Former Bayfield High School principal Bruce Leadbetter took no action to deregister a teacher who sexually abused two students, one victim's foster mother says.


The woman's concerns about Leadbetter's inaction paint a picture of a school in which serious concerns about teachers' conduct were not acted on, in what the woman calls "a culture of abuse".

Prime Minister Helen Clark's justification for retaining former Bayfield teacher David Benson-Pope as a minister has been her contention that the allegations of him mistreating students were so minor they did not warrant disciplinary action by the Dunedin school.

But the foster mum - who cannot be identified for legal reasons - tells a story that suggests the school would not take action in even more serious cases of abuse.

Her foster son, who had a mental age of 10, was in Bayfield's special needs unit while in his mid-teens during the 1980s, at the same time Benson-Pope was a teacher there. The boy, who was brain damaged as a baby and had Asperger's syndrome, told his foster mother a Bayfield teacher took him and another special needs student into a room behind their classroom and made them perform oral sex on him.

The woman reported the matter to police, and the teacher pleaded guilty to three counts of sexual indecency involving the boys. He was jailed for eight months. His name was suppressed to protect his brother, who held a high-profile position connected with children.

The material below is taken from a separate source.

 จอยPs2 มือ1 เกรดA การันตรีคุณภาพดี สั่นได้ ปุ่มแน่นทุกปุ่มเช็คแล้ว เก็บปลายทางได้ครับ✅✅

The boy's foster mother approached Leadbetter after the teacher was freed from prison to try to have him deregistered, but Leadbetter would not take any action, she said. It was only after a year-long battle, when she took the matter to education authorities and wrote to then St Kilda MP Michael Cullen, that the teacher was deregistered.

A 1990 letter from Cullen to the woman confirms the deregistration. The woman said she feared the man could re-offend if allowed to teach children again, but Leadbetter, a principal at Bayfield from the early 1980s until 1997, did not seem to share her concerns and told her he could do nothing.

"If I hadn't put the pressure on, the school wouldn't have done anything," the woman said. She felt he looked after teachers instead of the whole school community.

Her foster son, now in his 30s, had ongoing sexual problems, but she said it was difficult to tell how much was caused by the teacher.

National MP Judith Collins said Leadbetter had been unusually reluctant to deal with the teacher.

"You can see it would have taken an extraordinarily brave and persistent parent to get Leadbetter to take action over any complaint about a teacher, if this is how he failed to act in this case," she said.

Collins said Cullen - who also had children at Bayfield at the time - was clearly aware of the "culture of abuse" because the woman had alerted him to it.

When contacted by the Star-Times, Leadbetter said: "I have no recollection of what she is talking about" and hung up.

Benson-Pope said he recalled the teacher being sent to jail but could not say whether it demonstrated anything about the school's complaints procedure.